There really is almost nothing in the movie for which it can be complimented. The acting and script are not only atrocious, but also have an awkward modern quality that makes much of the film genuinely painful to watch. The sets are, without exception, remarkably shoddy. In fact, most of the movie looks as though it had been filmed in a garden behind someone's house. The costumes, sadly, are just as bad. Almost all are tacky and cheap, and some, like those worn by the dwarfs, each of whom is dressed in one of the colors of the rainbow, are also ridiculously gaudy.

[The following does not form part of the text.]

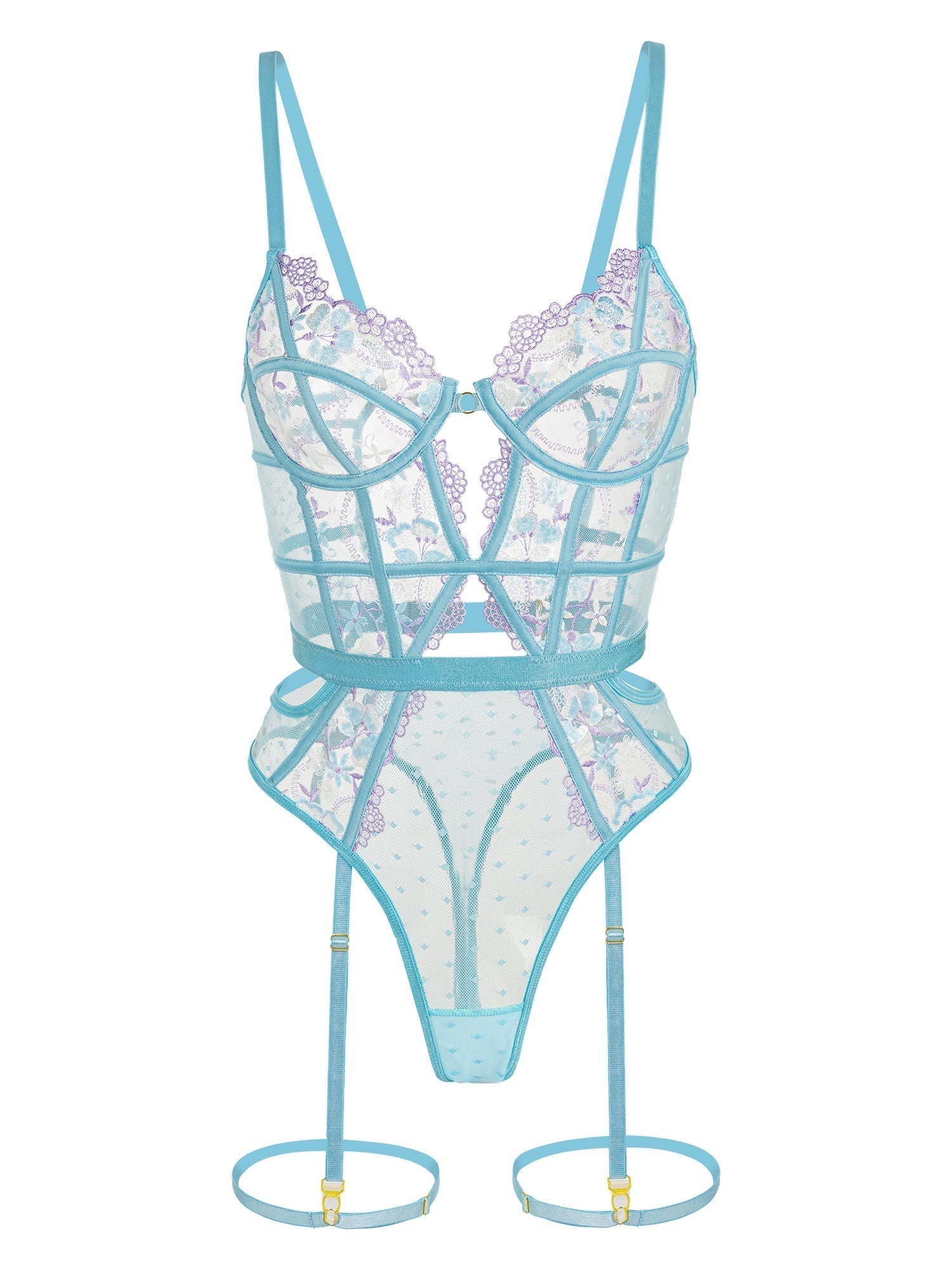 Indigo blue floral embroidered bodysuit, elegant French-inspired lingerie silhouette with delicate lace detailing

In addition to such shortcomings, the movie is burdened by a number of absurd conceits. The dwarfs, for example, are named after the days of the week, and each is stated as having the personality of a child born on that day as these are given by the old nursery rhyme. Thus, as "Wednesday's child is full of woe," the dwarf named Wednesday is foul tempered. Actually, Wednesday, who is played by Vincent Schiavelli, is not a dwarf, but an ordinary sized man. What is more, the dwarfs, who here have the power to transport themselves to any place in the world by lining up and forming a rainbow, are introduced into the story when they so arrive outside of Elspeth's garden while searching for lost gnomes. These, cleverly, have been transformed by the hag into garden ornaments. The list of such nonsense goes on and on.

Scattered here and there amongst such ghastly elements, Thompson has, fortunately, included a few appealing details. Kristin Kreuk, for instance, is an attractive young woman and is always pleasant to look at, even if her acting skills are not equal to her physical charms. Some of the apparitions that emerge out of the queen's magical mirror are creepy and captivating, and the costumes and make-up used to create the Green Eyed One and to change Miranda Richardson into a hideous, balding crone afflicted with boils and sores are simultaneously repulsive and eerie. Such virtues cannot, however, compensate for the movie's numerous flaws.

Snow White is, in fact, a poorly made and generally boring film that is best avoided.